Bush: "I Can Has Change Climate Too!"

Last week, the White House hosted a conference on climate change, with representatives from more than 20 countries in attendance. In classic CYL (cover your legacy) fashion, Bush is using the 11th hour of his term to show how serious he is about the issue of global warming, despite his unfashionably late arrival to the party. He tried his best material, but the audience wasn't having any of it.
"Energy security and climate change are two of the great challenges of our time. The United States takes these challenges seriously," Bush said in a speech at the State Department on the second day of the meeting. He proposed a summit next year of major CO2 emitters to set a long-term global goal for reducing greenhouse gases.

"By setting this goal, we commit ourselves to doing something about it. By next summer, we will convene a meeting of heads of state to finalize the goal and other elements of this approach," Bush said. However, he repeated his position that the goal should be an aspiration, not mandatory, and that each country should design its own strategy for achieving the long-term goal.
By not agreeing to binding mandatory resolutions, Bush has managed to isolate himself, and our country, even further than originally imagined. Even China and India aren't on board with the voluntary aspirations idea. It gets worse, though.

The reviews are in, and they're not at all good:
"It was a total charade and has been exposed as a charade," the [European] diplomat said. "I have never heard a more humiliating speech by a major leader. He [Mr Bush] was trying to present himself as a leader while showing no sign of leadership. It was a total failure."

John Ashton, Britain's special envoy on climate change, who attended the conference, said: "It is striking here how isolated the US has become on this issue. There is no support among the industrialised countries for the proposition that we should proceed on the basis of voluntary commitments."
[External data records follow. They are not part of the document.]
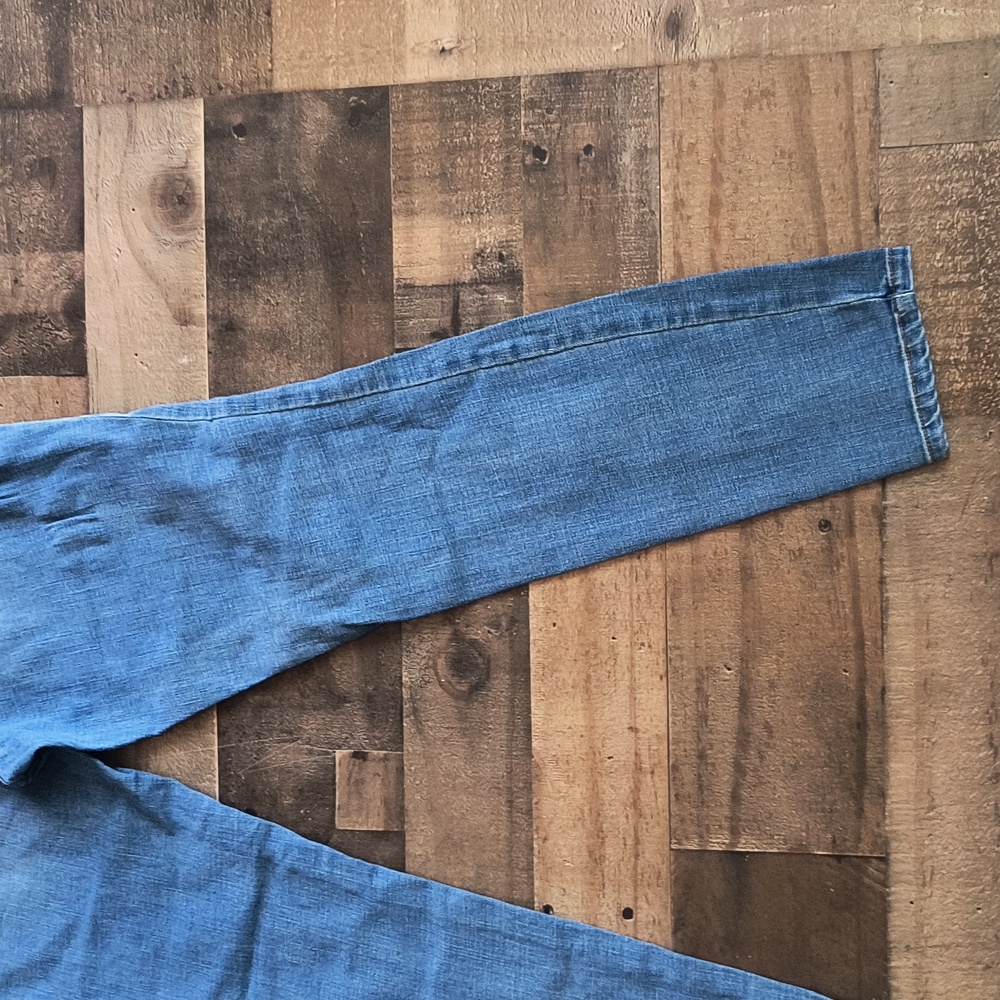 Frye Mid Rise Light Wash Faded Skinny Jeans Sz 8 Women - Picture 13 of 14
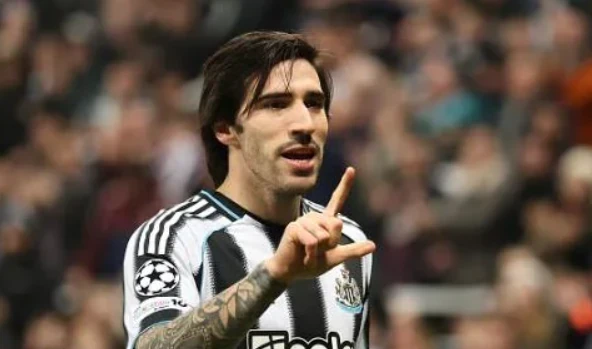 Sandro Tonali là một trong những phương án được Manchester United nhắm đến để thay thế Casemiro.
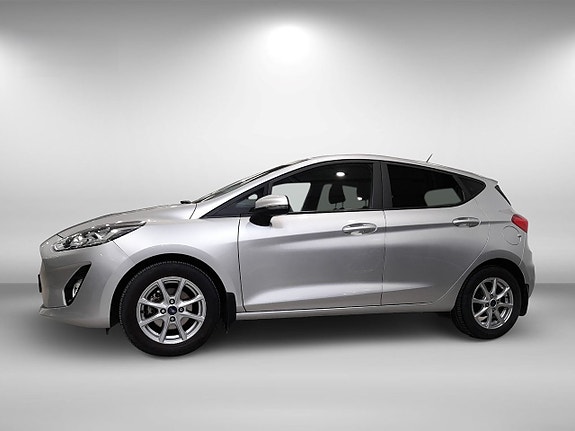 Ford Fiesta 2 of 5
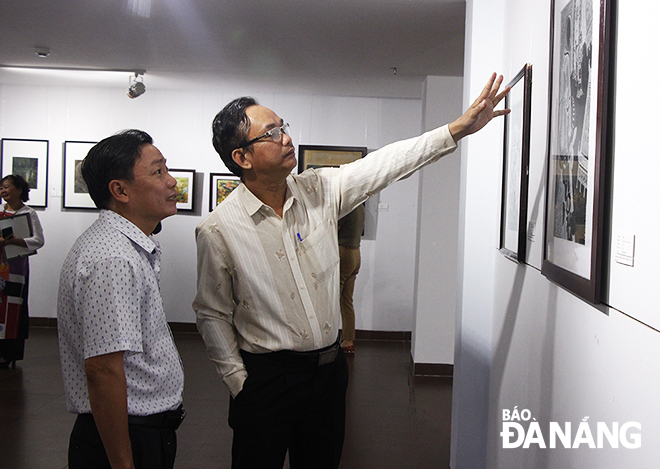 Triển lãm Đồ họa Đà Nẵng 2020 thu hút đông đảo công chúng, người yêu mỹ thuật đến tham quan. Ảnh: XUÂN DŨNG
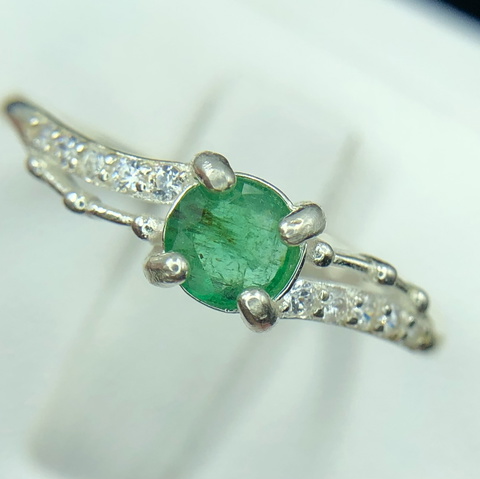 Amazing 6.20 Ct Natural Swat Emerlad Ring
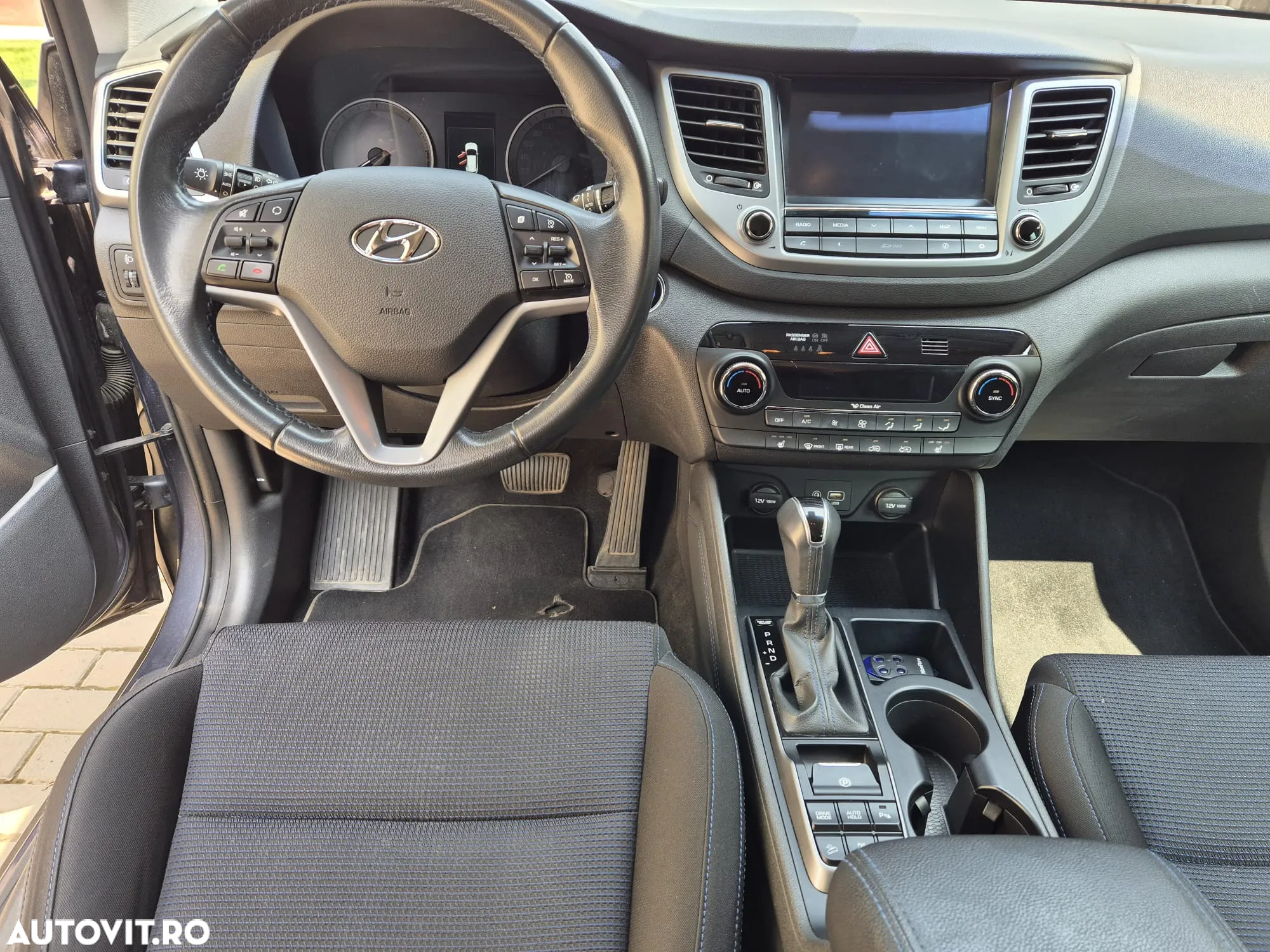 Hyundai Tucson 2.0 CRDI 4WD Automatik Advantage - 24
Although many of those attending had predicted the conference would break up without significant agreement, there had been hopes that Mr Bush, in search of a legacy, might produce a surprise.
That last bit is pretty telling, and pretty pathetic. Bush's megalomania has gotten to a point that people have to base their hope of policy change on his concern about his legacy instead of something novel like trying to do the right thing. You can just add this one to the list of ever growing items (Iraq, plummeting dollar, endless debt, etc.) that is continuing to destroy our credibility with other countries. I guess if there's any consolation, it's that other countries are now explicitly joining us in wondering what the fuck is wrong with Bush.